Question

The radii of two cylinders are in the ratio of 2:3 and
their heights are in the ratio of 5:4. Find the ratio of
their volumes.​

Answer 1

Given :-

• The radii of two cylinders are in the ratio of 2:3.
• Their heights are in the ratio of 5:4.

To Find :-

• Ratio of their volumes.

Solution :-

Given, The radii of two cylinders are in the ratio of 2:3.

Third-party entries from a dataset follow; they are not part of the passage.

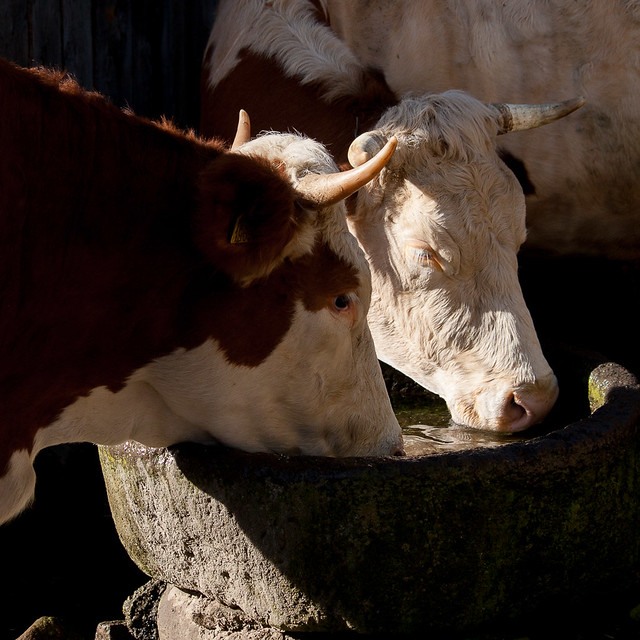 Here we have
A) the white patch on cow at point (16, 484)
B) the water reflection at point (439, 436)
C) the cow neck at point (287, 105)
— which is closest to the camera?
the white patch on cow at point (16, 484)

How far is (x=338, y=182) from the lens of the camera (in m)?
2.61

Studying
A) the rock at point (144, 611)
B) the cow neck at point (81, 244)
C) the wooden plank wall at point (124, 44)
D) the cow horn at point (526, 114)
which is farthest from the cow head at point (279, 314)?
the wooden plank wall at point (124, 44)

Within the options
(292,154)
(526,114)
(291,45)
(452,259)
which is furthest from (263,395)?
(291,45)

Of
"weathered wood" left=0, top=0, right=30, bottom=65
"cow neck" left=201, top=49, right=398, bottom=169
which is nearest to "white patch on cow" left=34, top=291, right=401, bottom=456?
"cow neck" left=201, top=49, right=398, bottom=169

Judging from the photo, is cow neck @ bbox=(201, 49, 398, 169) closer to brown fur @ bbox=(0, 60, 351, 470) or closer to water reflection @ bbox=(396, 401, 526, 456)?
water reflection @ bbox=(396, 401, 526, 456)

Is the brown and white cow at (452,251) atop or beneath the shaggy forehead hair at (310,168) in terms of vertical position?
beneath

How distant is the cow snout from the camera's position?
4.02m

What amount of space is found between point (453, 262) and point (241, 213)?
1.97 meters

⭐ Radius of 1st cylinder (r1) = 2

⭐ Radius of 2nd cylinder (r2) = 3

Given, Their heights are in the ratio of 5:4.

⭐ Height of 1st cylinder (h1) = 5

⭐ Height of 2nd cylinder (h2) = 4

Now,

⭐ Ratio of volume = Volume of 1st cylinder / Volume of 2nd cylinder

↪ V = π(r1)²h1 / π(r2)²h2

[ Putting values ]

↪ V = π(2)² × 5 / π(3)² × 4

↪ V = π × 4 × 5 / π × 9 × 4

↪ V = 20 π / 36 π

↪ V = 20/36

↪ V = 20 : 36

Hence,

• The ratio of their volumes is 20 : 36.